I generated the key. Then I've created a script to encrypt:

    key = Fernet(read_key())

    with open(source, "rb") as src, open(destination, "wb") as dest:
        for chunk in iter(lambda: src.read(4096), b""):
            encrypted = key.encrypt(chunk)
            dest.write(encrypted)

and for decryption:

    key = Fernet(read_key())

    with open(source, "rb") as src, open(destination, "wb") as dest:
        for chunk in iter(lambda: src.read(4096), b""):
            decrypted = key.decrypt(chunk)
            dest.write(decrypted)

Encryption works - no surprise, but decryption is not. Firstly I thought that it might work, but it's not. I guess chunk size increases when encrypted, and then when I'm reading 4096 bytes, it's not a whole encrypted chunk. I've got an error trying to decrypt:

Traceback (most recent call last):
  File "/redacted/path/venv/lib/python3.7/site-packages/cryptography/fernet.py", line 119, in _verify_signature
    h.verify(data[-32:])
  File "/redacted/path/venv/lib/python3.7/site-packages/cryptography/hazmat/primitives/hmac.py", line 74, in verify
    ctx.verify(signature)
  File "/redacted/path/venv/lib/python3.7/site-packages/cryptography/hazmat/backends/openssl/hmac.py", line 75, in verify
    raise InvalidSignature("Signature did not match digest.")
cryptography.exceptions.InvalidSignature: Signature did not match digest.

During handling of the above exception, another exception occurred:

Traceback (most recent call last):
  File "/redacted/path/main.py", line 63, in <module>
    decrypted = key.decrypt(chunk)
  File "/redacted/path/venv/lib/python3.7/site-packages/cryptography/fernet.py", line 80, in decrypt
    return self._decrypt_data(data, timestamp, time_info)
  File "/redacted/path/venv/lib/python3.7/site-packages/cryptography/fernet.py", line 137, in _decrypt_data
    self._verify_signature(data)
  File "/redacted/path/venv/lib/python3.7/site-packages/cryptography/fernet.py", line 121, in _verify_signature
    raise InvalidToken
cryptography.fernet.InvalidToken

Is there's a way to solve this? Maybe there's a better (simpler) approach with different solution than fernet?

Scrawl answered 24/9, 2021 at 9:46 Comment(2)
Does this answer your question? Cryptography token object raises exception and cannot decrypt even though the tokens are identicalTaunyataupe
@Taunyataupe No. I generated a key once and store it in file from which I read using read_key(). I saw that question earlier, when I was looking for an answer. I couldn't find anything helpful.Scrawl
U
4

Fernet is not supposed to be used in a streaming fashion.

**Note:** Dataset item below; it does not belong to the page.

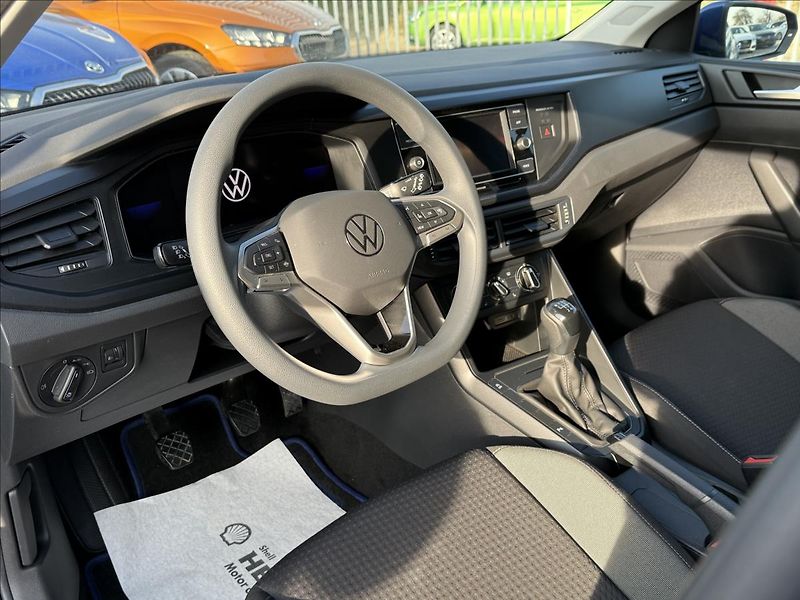Volkswagen Polo TSI 70kW FACE VIRTUAL 15tKm - fotka 10 z 26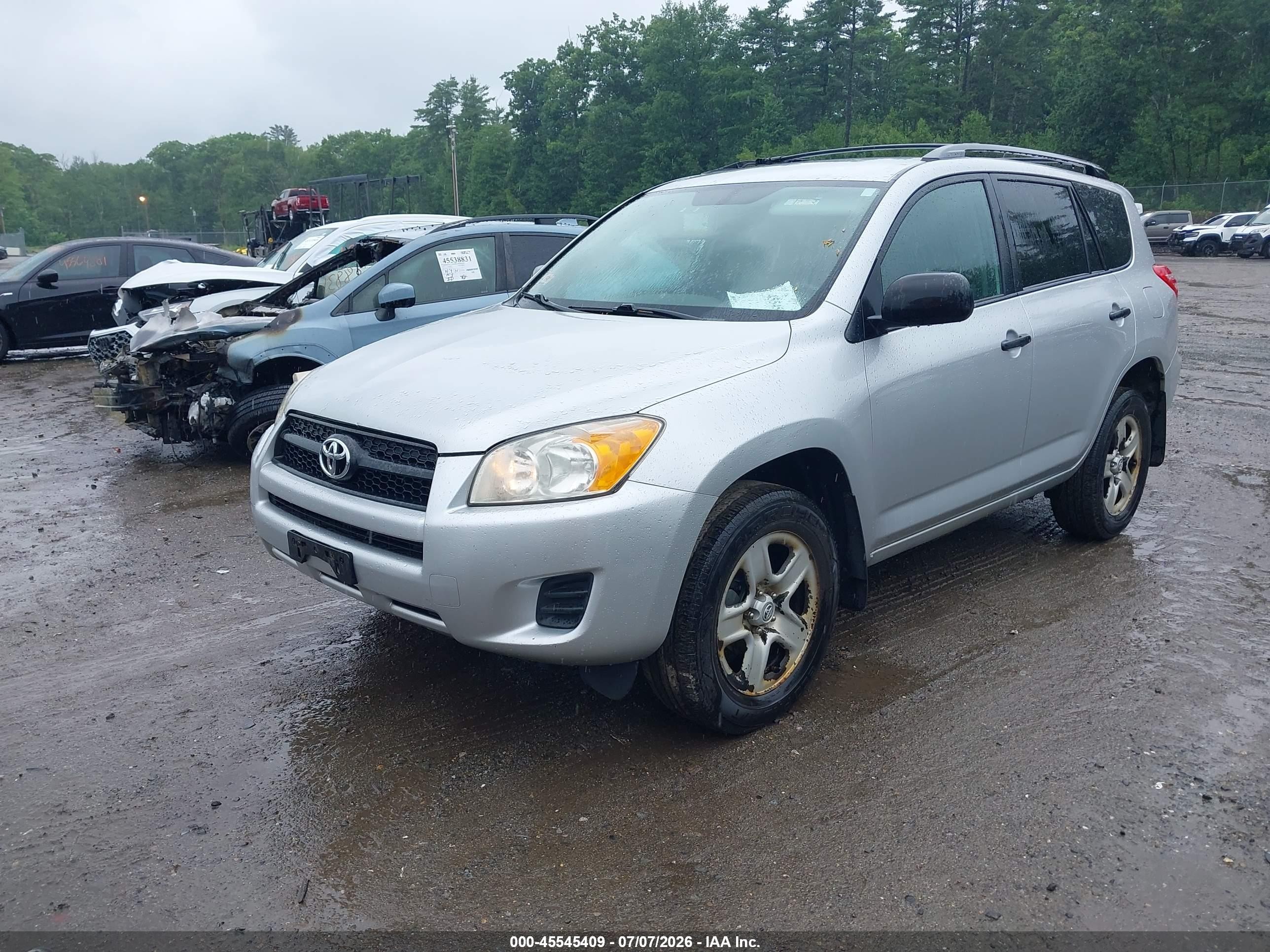 2010 Toyota Rav4   Silver vin: 2T3BF4DV6AW074279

They explain that in the documentation:

From the documentation (last section):

Limitations

Fernet is ideal for encrypting data that easily fits in memory. As a design feature it does not expose unauthenticated bytes. This means that the complete message contents must be available in memory, making Fernet generally unsuitable for very large files at this time.

Unsuspecting answered 24/9, 2021 at 10:34 Comment(0)
D
5

I just ran into the same issue - I feel your pain brother.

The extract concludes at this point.